(Beginning of DATA)
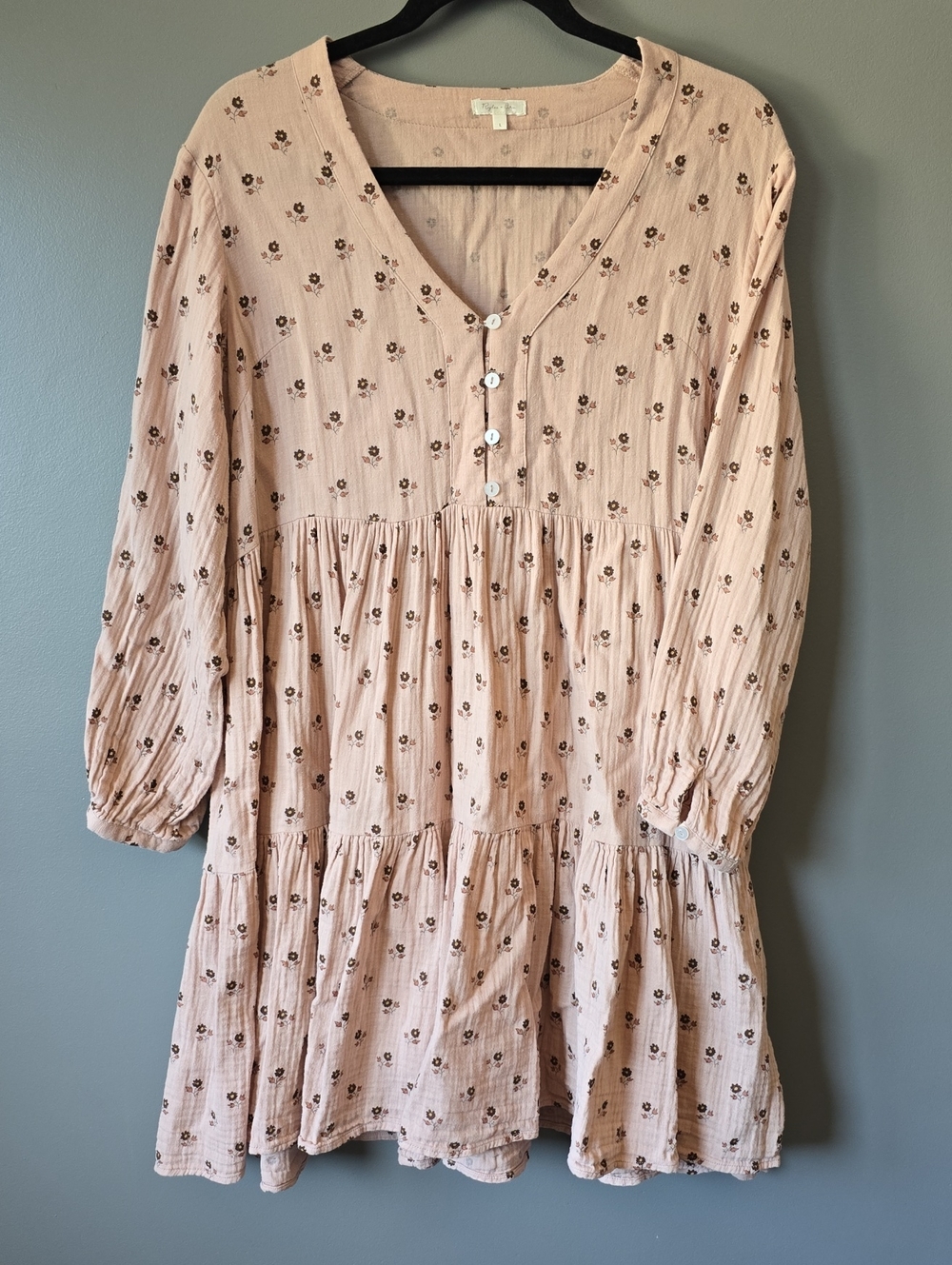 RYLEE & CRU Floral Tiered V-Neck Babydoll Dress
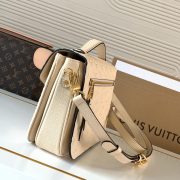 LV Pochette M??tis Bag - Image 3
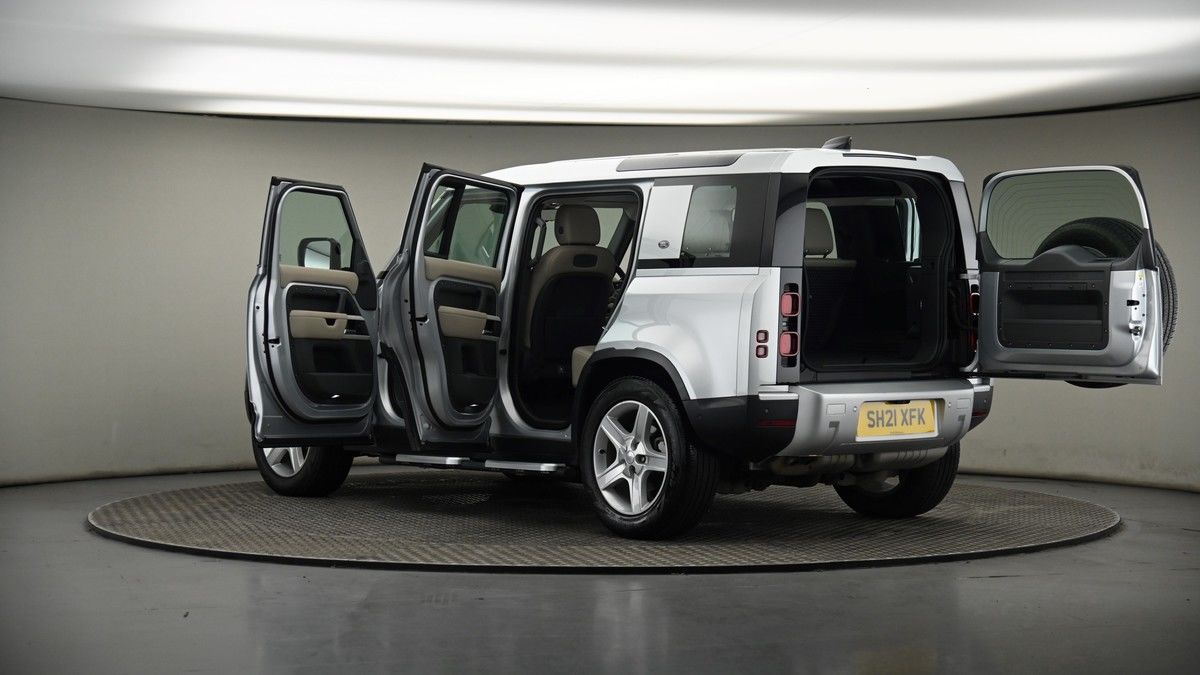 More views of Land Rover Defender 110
(End of DATA)
HOW TO COMPLETE THIS TASK — Repeat each line above exactly. The pictures stay out.

RESPONSE —
 RYLEE & CRU Floral Tiered V-Neck Babydoll Dress
 LV Pochette M??tis Bag - Image 3
 More views of Land Rover Defender 110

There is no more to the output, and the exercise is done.